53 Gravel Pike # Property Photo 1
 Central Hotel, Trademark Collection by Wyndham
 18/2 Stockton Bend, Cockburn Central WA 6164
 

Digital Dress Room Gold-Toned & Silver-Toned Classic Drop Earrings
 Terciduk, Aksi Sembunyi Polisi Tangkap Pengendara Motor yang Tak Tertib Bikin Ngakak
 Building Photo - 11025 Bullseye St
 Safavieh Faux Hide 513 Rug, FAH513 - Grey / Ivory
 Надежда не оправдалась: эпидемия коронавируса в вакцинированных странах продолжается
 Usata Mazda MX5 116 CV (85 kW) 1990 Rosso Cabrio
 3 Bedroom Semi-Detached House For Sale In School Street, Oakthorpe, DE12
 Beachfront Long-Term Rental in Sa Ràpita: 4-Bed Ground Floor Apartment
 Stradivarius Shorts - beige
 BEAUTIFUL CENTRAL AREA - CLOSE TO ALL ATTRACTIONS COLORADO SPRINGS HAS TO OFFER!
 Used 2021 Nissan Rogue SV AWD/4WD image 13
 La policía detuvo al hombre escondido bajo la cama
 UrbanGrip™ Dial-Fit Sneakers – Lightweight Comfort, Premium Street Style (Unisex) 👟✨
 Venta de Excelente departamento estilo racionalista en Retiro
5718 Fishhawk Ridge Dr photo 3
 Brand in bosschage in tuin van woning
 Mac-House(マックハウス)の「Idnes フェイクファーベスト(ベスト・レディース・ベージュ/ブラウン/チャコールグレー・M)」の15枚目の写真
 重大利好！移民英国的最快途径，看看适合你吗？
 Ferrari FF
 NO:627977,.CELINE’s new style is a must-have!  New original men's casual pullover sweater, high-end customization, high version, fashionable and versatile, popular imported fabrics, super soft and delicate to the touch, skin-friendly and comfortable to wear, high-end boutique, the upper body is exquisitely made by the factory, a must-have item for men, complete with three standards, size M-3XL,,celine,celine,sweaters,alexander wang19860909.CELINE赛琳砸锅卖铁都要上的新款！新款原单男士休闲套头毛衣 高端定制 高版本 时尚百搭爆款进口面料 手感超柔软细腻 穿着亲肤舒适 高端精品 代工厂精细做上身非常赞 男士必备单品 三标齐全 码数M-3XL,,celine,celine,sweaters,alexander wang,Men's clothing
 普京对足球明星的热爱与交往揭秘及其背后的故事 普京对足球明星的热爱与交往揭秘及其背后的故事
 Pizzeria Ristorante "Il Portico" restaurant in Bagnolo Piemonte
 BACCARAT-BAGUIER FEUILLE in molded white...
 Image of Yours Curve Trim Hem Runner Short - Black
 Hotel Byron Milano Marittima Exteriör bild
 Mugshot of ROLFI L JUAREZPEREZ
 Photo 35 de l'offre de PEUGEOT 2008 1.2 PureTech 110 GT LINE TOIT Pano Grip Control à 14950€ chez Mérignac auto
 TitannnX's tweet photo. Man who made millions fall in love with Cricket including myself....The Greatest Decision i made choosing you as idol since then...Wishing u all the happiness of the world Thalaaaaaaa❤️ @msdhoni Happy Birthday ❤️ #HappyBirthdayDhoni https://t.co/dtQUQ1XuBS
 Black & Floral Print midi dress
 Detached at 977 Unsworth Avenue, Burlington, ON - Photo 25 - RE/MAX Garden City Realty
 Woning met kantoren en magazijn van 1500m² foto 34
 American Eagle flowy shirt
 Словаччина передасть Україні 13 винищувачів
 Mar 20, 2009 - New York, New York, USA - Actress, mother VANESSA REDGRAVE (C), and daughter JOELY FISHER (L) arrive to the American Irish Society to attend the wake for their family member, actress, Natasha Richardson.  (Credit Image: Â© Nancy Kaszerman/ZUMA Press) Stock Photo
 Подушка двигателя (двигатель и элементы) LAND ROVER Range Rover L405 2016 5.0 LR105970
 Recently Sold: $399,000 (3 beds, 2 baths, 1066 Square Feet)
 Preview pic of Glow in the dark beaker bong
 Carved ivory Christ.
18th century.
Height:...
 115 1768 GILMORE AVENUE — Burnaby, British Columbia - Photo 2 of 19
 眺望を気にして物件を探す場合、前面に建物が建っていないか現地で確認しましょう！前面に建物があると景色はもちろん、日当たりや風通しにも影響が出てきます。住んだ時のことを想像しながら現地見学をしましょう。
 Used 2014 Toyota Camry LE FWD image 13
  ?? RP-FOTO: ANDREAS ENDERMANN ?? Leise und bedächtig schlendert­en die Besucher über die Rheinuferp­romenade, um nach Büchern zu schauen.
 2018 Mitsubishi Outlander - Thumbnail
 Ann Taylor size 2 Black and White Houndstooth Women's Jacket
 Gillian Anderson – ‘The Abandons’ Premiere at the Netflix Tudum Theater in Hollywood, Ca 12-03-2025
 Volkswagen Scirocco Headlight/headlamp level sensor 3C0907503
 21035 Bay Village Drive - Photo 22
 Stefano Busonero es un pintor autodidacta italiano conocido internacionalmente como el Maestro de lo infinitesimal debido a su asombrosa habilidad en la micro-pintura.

• **WHAT THIS TASK INVOLVES**: Find the line with "Safavieh Faux Hide" in the material above. Reproduce it and each line after it up to and including the line with "Beachfront Long-Term Rental".

• **ANSWER FOR THIS EXERCISE**:
 Safavieh Faux Hide 513 Rug, FAH513 - Grey / Ivory
 Надежда не оправдалась: эпидемия коронавируса в вакцинированных странах продолжается
 Usata Mazda MX5 116 CV (85 kW) 1990 Rosso Cabrio
 3 Bedroom Semi-Detached House For Sale In School Street, Oakthorpe, DE12
 Beachfront Long-Term Rental in Sa Ràpita: 4-Bed Ground Floor Apartment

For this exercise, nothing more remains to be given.